On t’a vu en photo sur un vieux Vespa, tu l’as toujours ?
Oui je vois de quoi tu parles. Non je ne l’ai pas, il ne m’appartenait pas. J’en ai vu rouler pas loin de chez moi, mais je possède un Vespa 175 que j’ai trouvée il y a 2 ans et ne t’inquiète pas il n’y a pas ombrelle dessus. J’adore les Vespa. Un de mes potes m’en a filé un complètement foutu. Je l’ai complètement démonté pour le refaire par moi-même et le câble de compteur a cassé juste 2 jours avant de partir en tournée.
As-tu un skateur actuellement que tu aimes particulièrement ?
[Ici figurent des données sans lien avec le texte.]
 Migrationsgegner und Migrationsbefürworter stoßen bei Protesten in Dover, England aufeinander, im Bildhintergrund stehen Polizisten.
C’est vraiment compliqué de choisir un seul rider pour moi. Actuellement tout va tellement vite en plus. J’adore parce qu’ils m’ont influencés : Steve Claar, Mark Gonzales, Neil Blender, Natas Kaupas, Frankie Hill, Eric Dressen, Lance Mountain, Hosoi, Ron Allen, Ron Chatman, Jason Lee, particulièrement Ray Barbee. Mark a tellement apporté, juste un trick sur un curb, lui allait apporter un truc en plus.
Comme on parle skate as-tu des souvenirs particuliers liés à la France ?
Je ne sais plus où mais être allé skater des banks avec mes potes (Evry ?). Le contest du Grand Bornand, c’était assez violent puisque l’on s’était fait bannir du village. On avait traversé les Alpes en voiture. Mais clairement les bassins de la tour Eiffel sont aussi un grand moment, qui a été, il me semble documenté. J’adore Paris, j’y ai emmené mon fils. J’y suis venu voir mon pote Fabrice (Le Mao), avec ma femme et mon fils, on est allé boire des bons Bordeaux. C’est un super souvenir.